The Senate Commerce Committee took an important step toward revitalizing American manufacturing competitiveness on April 9 when it completed mark-up of the Revitalize American Manufacturing and Innovation Act (RAMI).

The bipartisan legislation, cosponsored by Senators Sherrod Brown (D-OH) and Roy Blunt (R-MO), would create a National Network for Manufacturing Innovation (NNMI).

This network of 15 public-private institutes is designed to accelerate manufacturing innovation in key technologies and industries, while also bridging the gap between basic research performed at U.S. universities and research laboratories, product development by U.S. manufacturers, and manufacturing these products at scale in the United States.

While this is a positive and important step, it also highlights how far behind we are as a nation at promoting manufacturing innovation and competitiveness. In fact, many don’t even recognize we have a problem.

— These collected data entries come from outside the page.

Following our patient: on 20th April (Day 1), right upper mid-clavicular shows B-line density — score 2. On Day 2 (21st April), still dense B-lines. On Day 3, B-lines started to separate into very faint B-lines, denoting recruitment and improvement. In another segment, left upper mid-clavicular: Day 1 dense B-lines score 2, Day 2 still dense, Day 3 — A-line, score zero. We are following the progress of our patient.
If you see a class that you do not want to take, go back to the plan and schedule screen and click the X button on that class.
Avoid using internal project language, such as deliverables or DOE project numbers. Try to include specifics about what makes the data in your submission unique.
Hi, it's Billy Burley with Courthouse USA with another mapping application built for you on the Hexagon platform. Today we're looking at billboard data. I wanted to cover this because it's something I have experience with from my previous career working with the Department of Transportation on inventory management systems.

A host of pundits, and even some policymakers, have argued that American manufacturing is rebounding and therefore new policies are not necessary, while others have contended that manufacturing doesn’t matter anymore so we needn’t focus on it at all.

 

This is despite the fact that the United States lost 5.7 million manufacturing jobs during the 2000s, has accumulated a $360 billion trade deficit in advanced technology products since 2010, and now ranks forty-third out of forty-four nations in the rate of progress in improving its innovation-based competitiveness.

It’s a little like Nero fiddling while Rome burned.